__Exercise prompt__.
Pictures excluded, please retype exactly the lines from the start of the data through the line that contains "Sage Green Rose Shower Curtain", both ends kept, and nothing beyond them.

__Input data__.
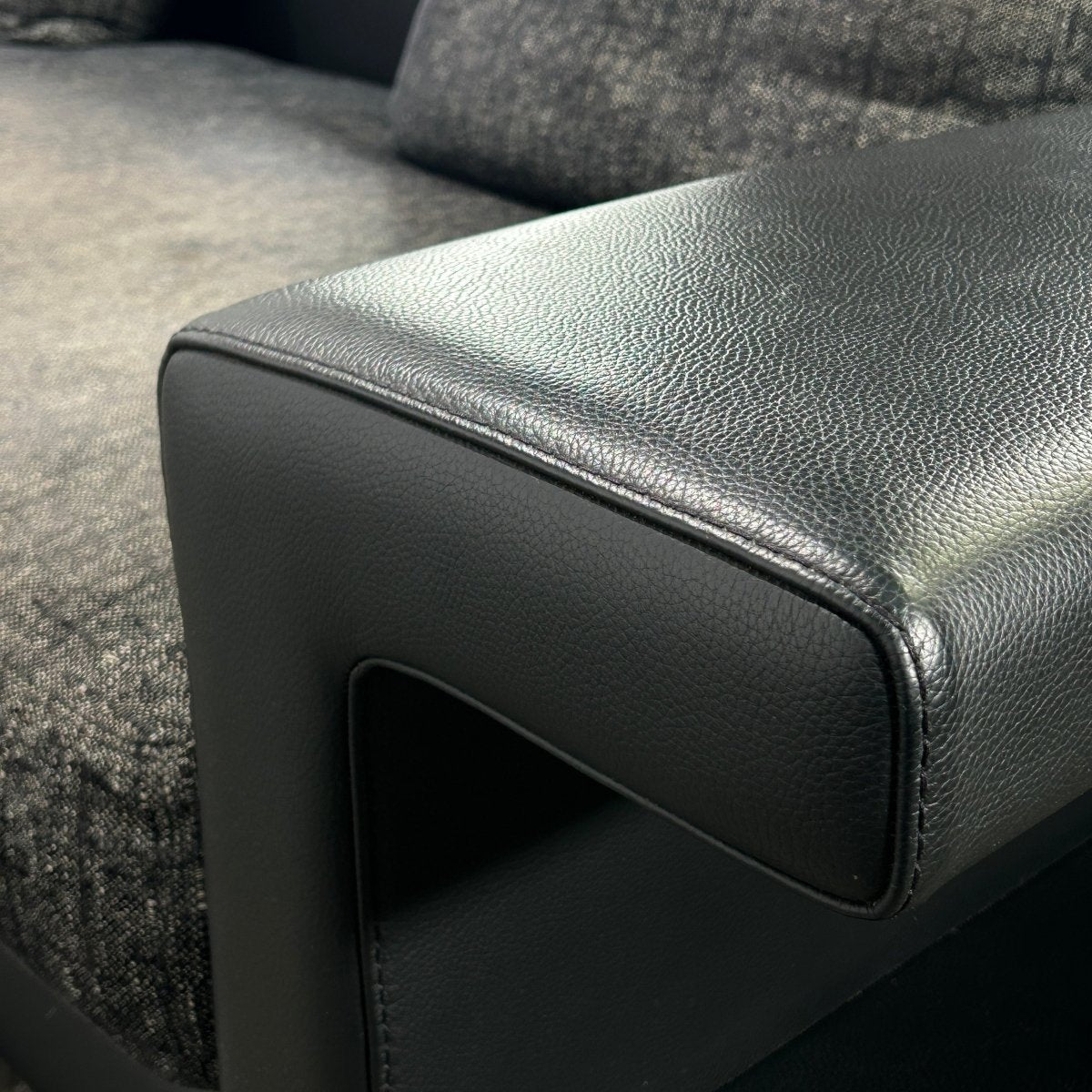 Roche Bobois Memento Sectional Sofa with Ottoman and Leather Side Bookcases @ REHAUS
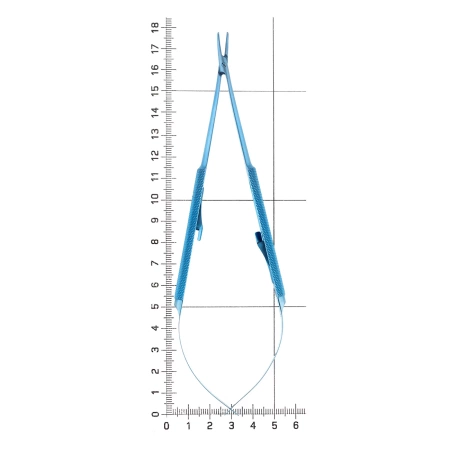 Иглодержатель микрохирургический изогнутый, 1,2мм/180мм
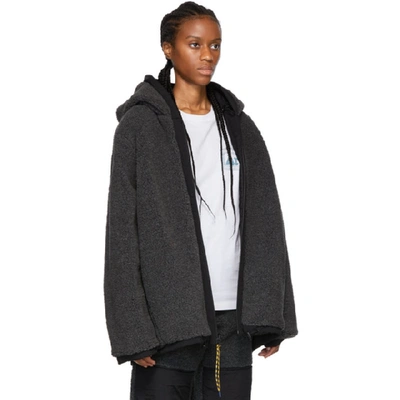 Shop Aries Reversible Black Plain Fleece Parka Jacket In Grey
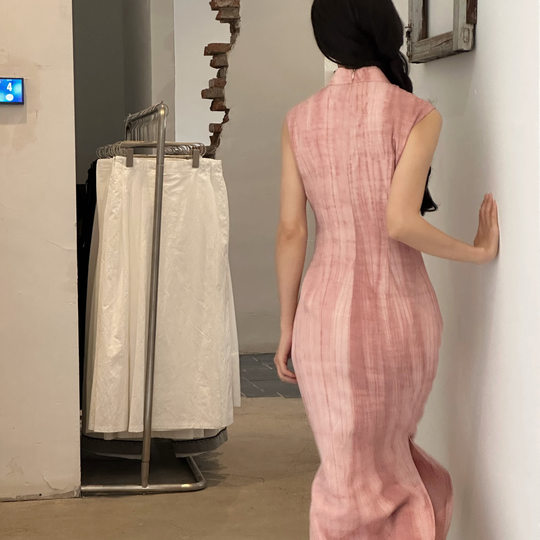 Ti提提 婉婉.新中式手缝盘扣无袖改良长款旗袍拉链后开国风连衣裙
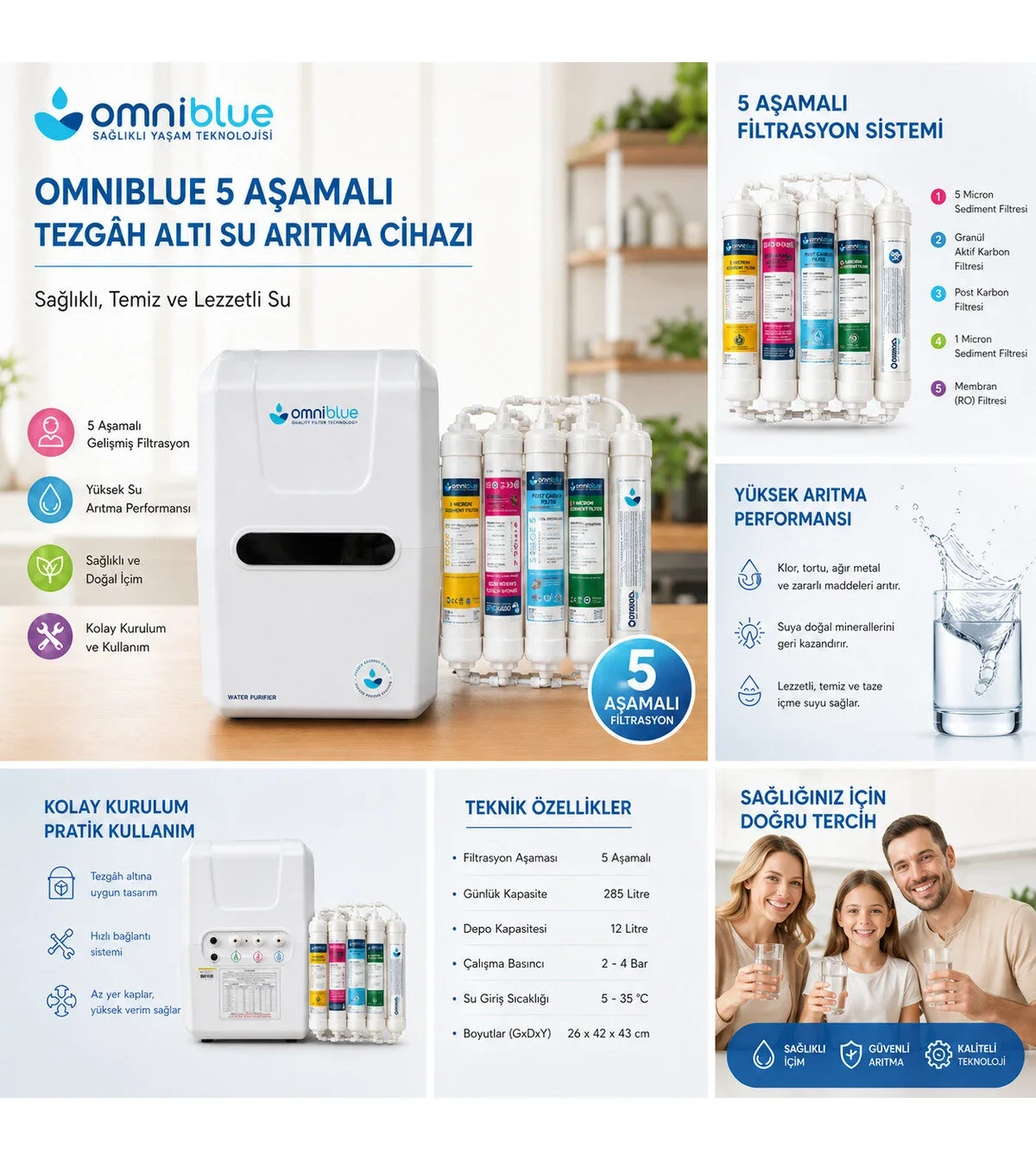 Omniblue Omni Pompasız Kapalı Kasa Su Arıtma Cihazı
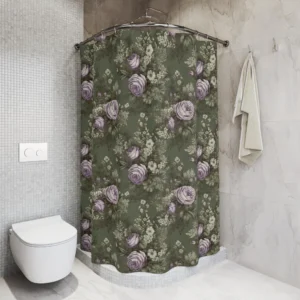 Sage Green Rose Shower Curtain
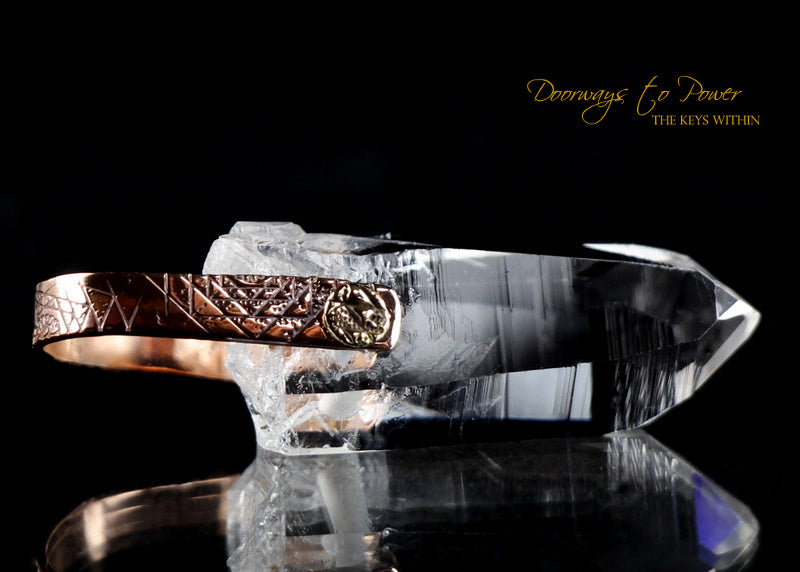 Lemurian Light Language Isis Record Keeper Crystal Pendant Rose Gold
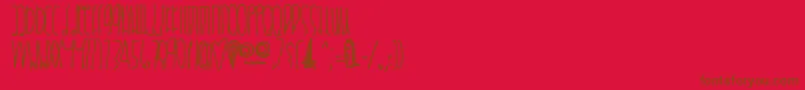 Crystalbluepersuasion Font – Brown Fonts on Red Background
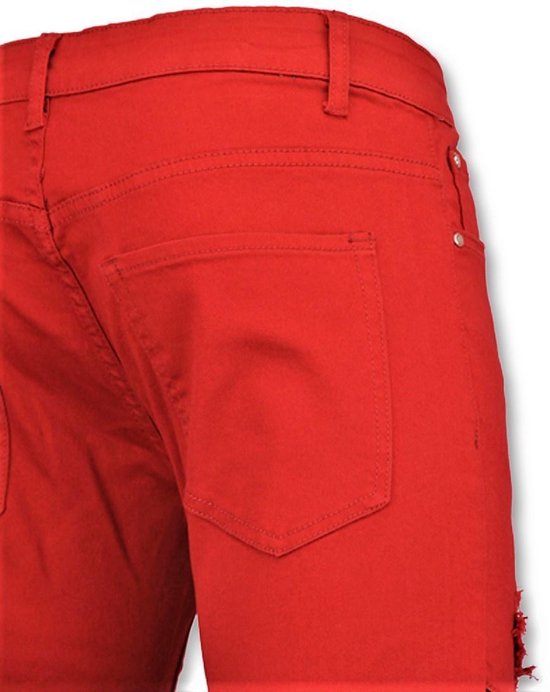 Rode biker skinny jeans heren - Mannen broek- 3017-10 | bol.com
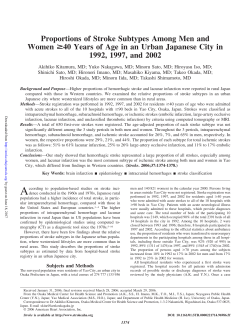 Proportions of Stroke Subtypes Among Men and Women >40 Years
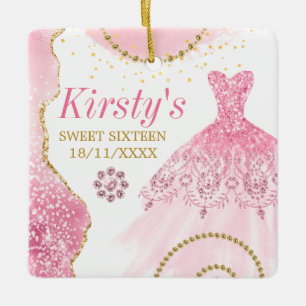 Rosa Glitterkleid & glamouröser Rand & Diamanten S Keramikornament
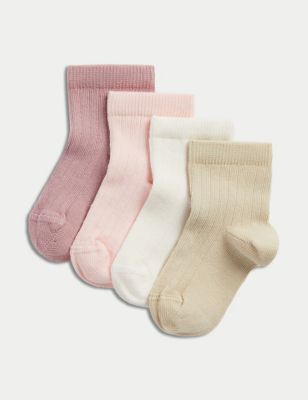 M&S 4pk Cotton Rich Ribbed Baby Socks - 6-12 - Multi, Multi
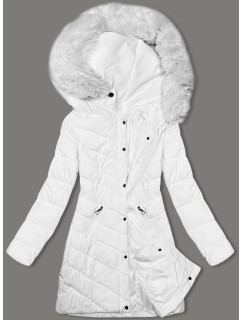 Bílá prošívaná dámská zimní bunda s kapucí LHD (2M-057)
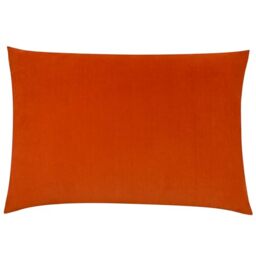 furn. Contra Feather Filled Cushion – Luxuriously Soft Velvet Pillow With Plain Reverse (Tangerine – 40x60cm)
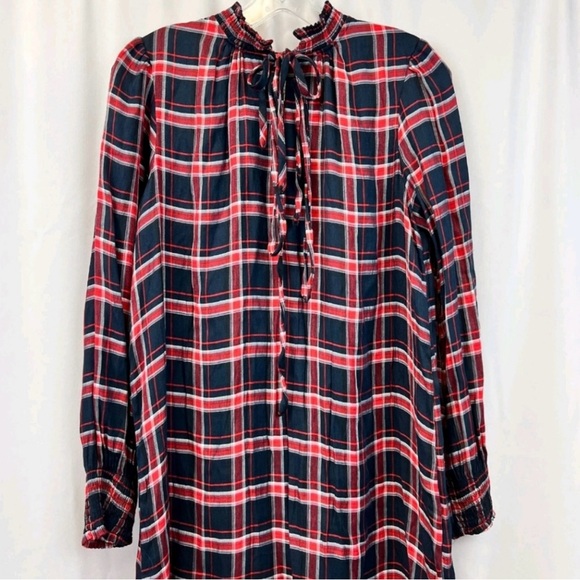 LOFT Red and Blue Plaid Dress NWT - Picture 5 of 6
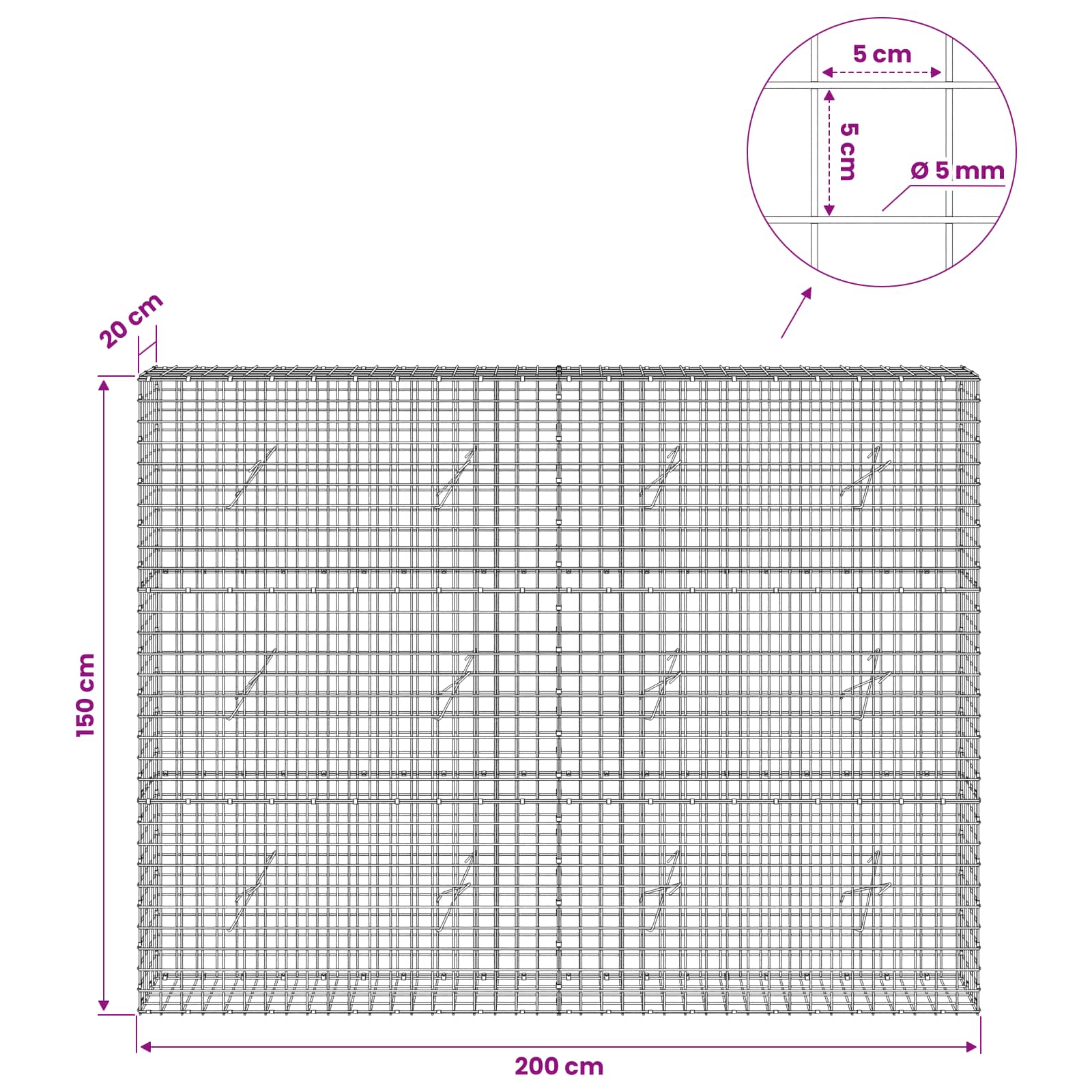 Gabion z žico 5 mm in mrežo 5x5 cm 200x20x150 cm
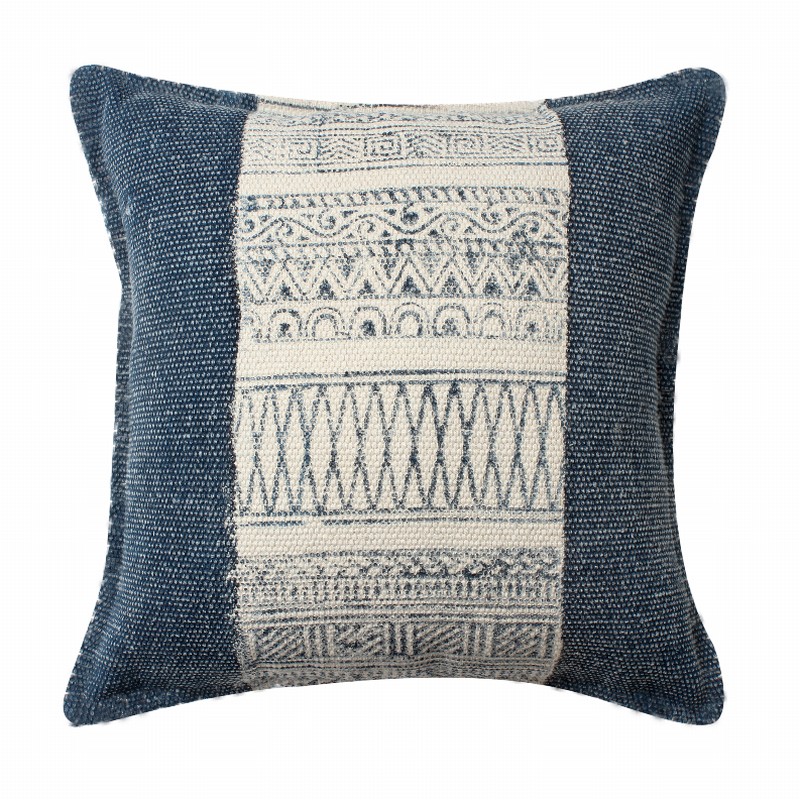  18 x 18 Square Handwoven Accent Throw Pillow, Polycotton Dhurrie, Kilim Pattern, White, Blue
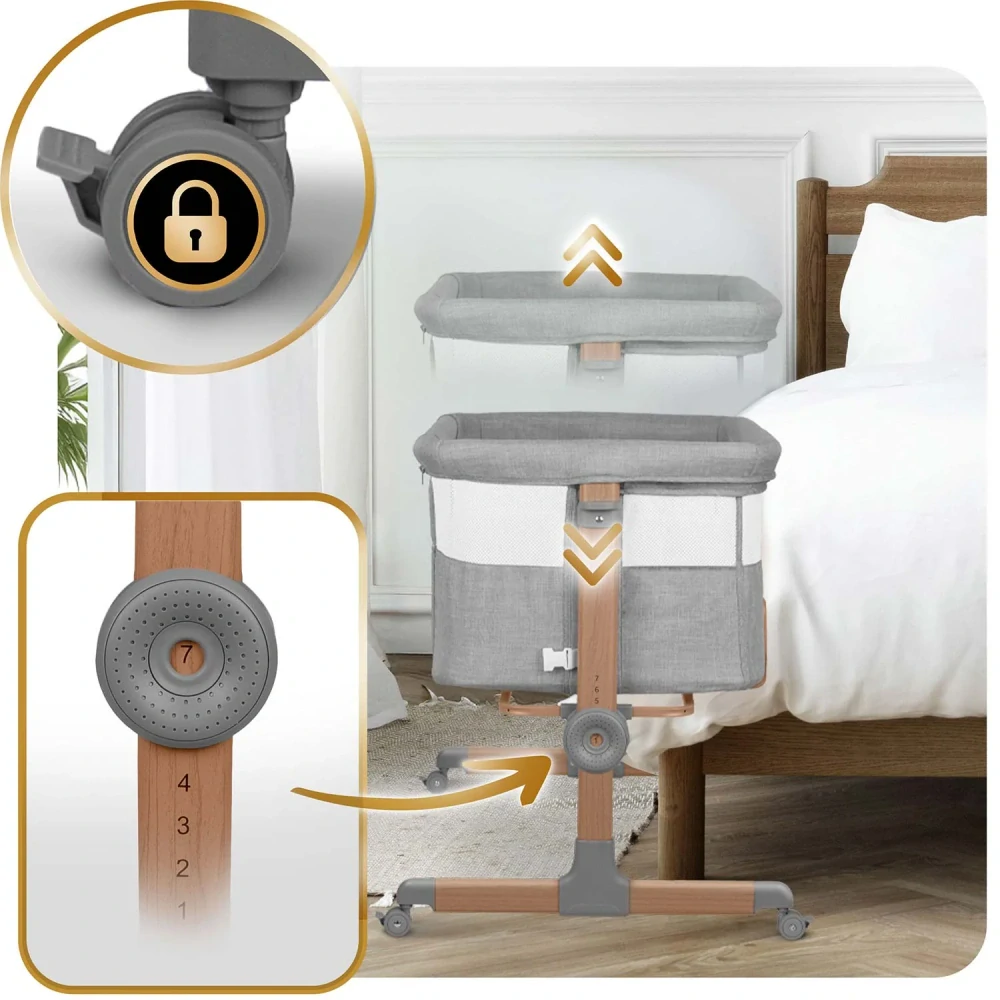 Dětská postýlka Nukido 0-5 měsíců - grey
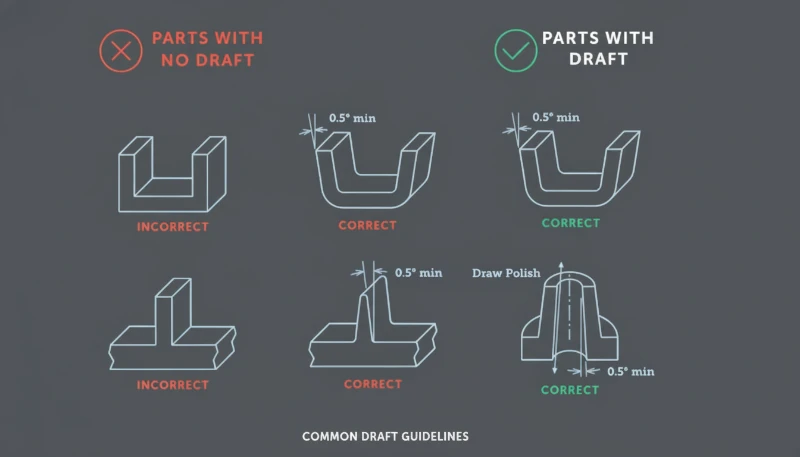 Draft guidelines for injection molding product release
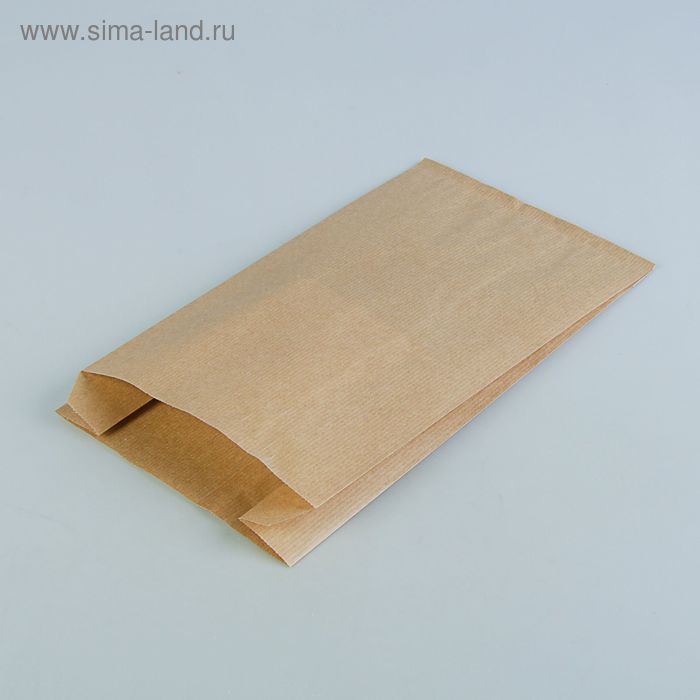 Пакет крафт бумажный фасовочный, V-образное дно 17 х 7 х 30 см - Фото 1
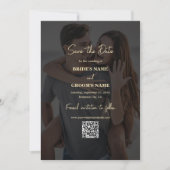 Save The Date Revêtement photo Black Gold moderne QR Code Mariag (Devant)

__Result for this task__.
 Roche Bobois Memento Sectional Sofa with Ottoman and Leather Side Bookcases @ REHAUS
 Иглодержатель микрохирургический изогнутый, 1,2мм/180мм
 Shop Aries Reversible Black Plain Fleece Parka Jacket In Grey
 Ti提提 婉婉.新中式手缝盘扣无袖改良长款旗袍拉链后开国风连衣裙
 Omniblue Omni Pompasız Kapalı Kasa Su Arıtma Cihazı
 Sage Green Rose Shower Curtain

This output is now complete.